Philip Lowe’s first mistake is made by many leaders around the nation — not admitting error. When Lowe forecast interest rates would stay low until 2024 he then watched a lending spree erupt, partly as a result. It was time to admit error.
Yet is very hard for a corporate CEO to admit error let alone a Reserve Bank governor. Yet it can be done. The unrestrained bank mortgage lending that was later to cause the nation so much damage needed to be nipped in the bud and part of that process was for the Reserve Bank to say there were new forces emerging that required an amendment to the “low rates until 2024” forecast.
Bullock won’t make the interest forecast mistake but anyone who is making regular speeches and answering questions can make a statement that they later regret.
The second mistake is more fundamental. Both Treasury and the Reserve Bank rely on mountains of statistics to make decisions.
The Reserve Bank has many excellent analysts who are brilliant at poring through the data. If the economy is relatively stable that process works perfectly well, and the Reserve Bank board gets good advice.
But if there is turmoil with big fluctuations up or down then the official statistics can be many months old and once a new trend has been isolated it is too late to take early action.
After Easter in 2020 the Australian economy started to boom – a development few expected. The Reserve Bank had to move quickly, or the boom would quickly ignite inflation. The statistics didn’t isolate the boom until well into 2020-21.
Similarly, after Mother’s Day this year the retail sector sagged, and that information has yet to be properly reflected in the statistics although company announcements are confirming the trend. These two situations show that the days of trying to run a central bank from one city in a country as broad as Australia are over, if they ever existed.
Former Reserve Bank governors and their top people made less speeches than Philip Lowe but spent a lot less time at head office.
Governors and their senior staff were talking face to face to businesspeople and others around the nation on a regular basis.
They would have known about these two swings even more quickly than people like myself did.
It’s not going to be easy to convince Reserve Bank staff that you can’t understand what is going on in the nation “from Martin Place and the Manly/Cremorne ferries”.
Bullock will need to be very alert to what is happening on the ground because she dealing with a government in Canberra that is generating policies to boost inflation and reduce productivity via industrial relations legislation.
Only by understanding what is actually happening will the Reserve Bank be able to develop policies to counter Canberra’s potential economic carnage.
I have never been to a Reserve Bank board meeting but as I understand it the directors are bombarded with material from the Martin Place economists plus material from Treasury which operates an even more isolated system out of Canberra.
It is highly likely that in the years ahead we will have more events like those that took place in 2020 and 2023.
Treasury will always be behind, and it will get worst now that they are mostly working from home.
The nation needs a Reserve Bank that is in regular personal touch with people around our land.
Sydney is a great city, but it is not Australia nor are any of the other centres.
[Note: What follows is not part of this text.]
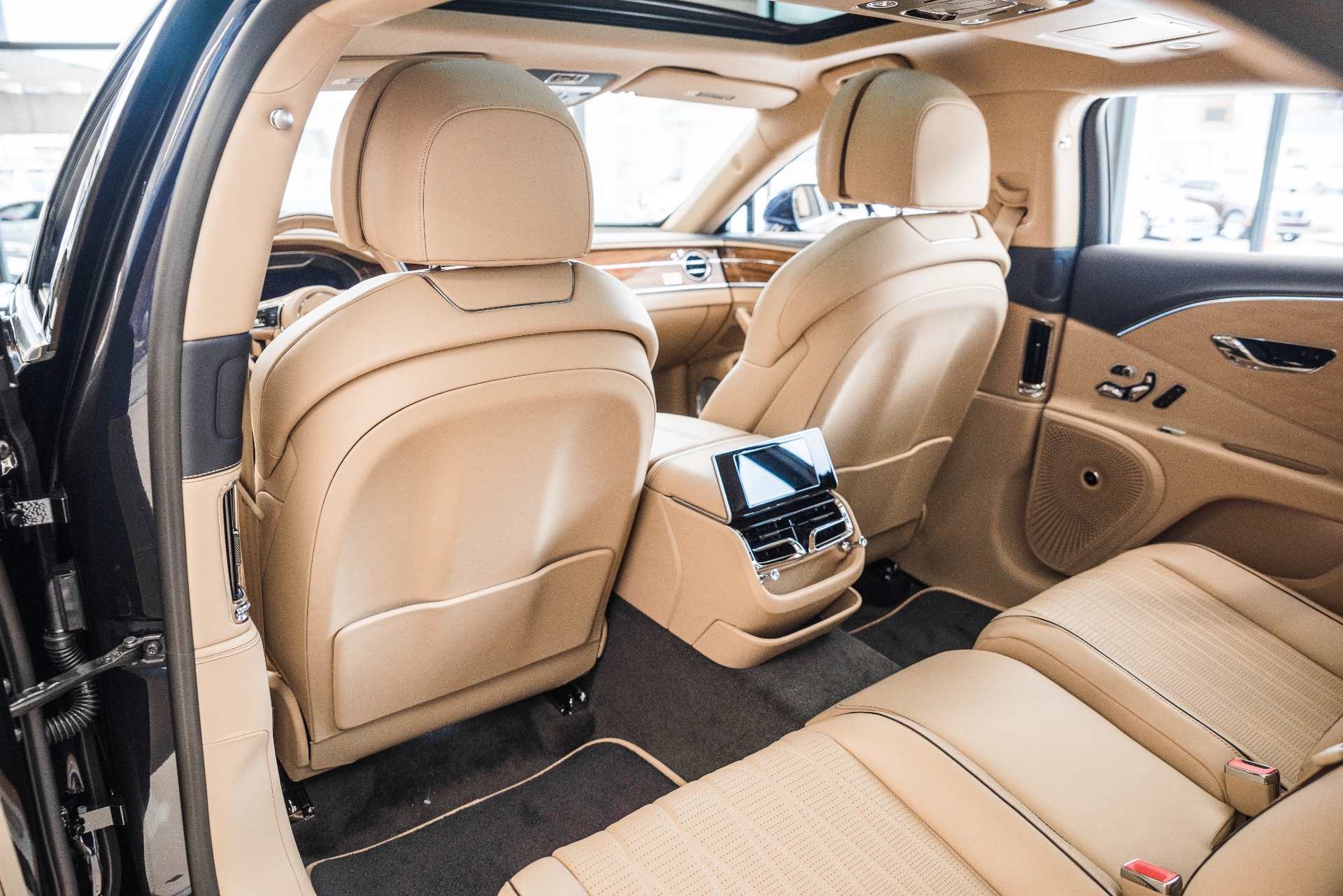 2020 Bentley Flying Spur W12 Stock 20n080922 For Sale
Our central bank needs to understand this and the departure of Philip Lowe underlines that the new Reserve Bank governor will have to change the way the central bank collects and interprets its information.
It is not going to be easy because one of Philip Lowe’s legacies was to spend $500m renovating the 1964 Reserve Bank citadel which had been riddled with asbestos. It would have made an excellent museum for Australian banking.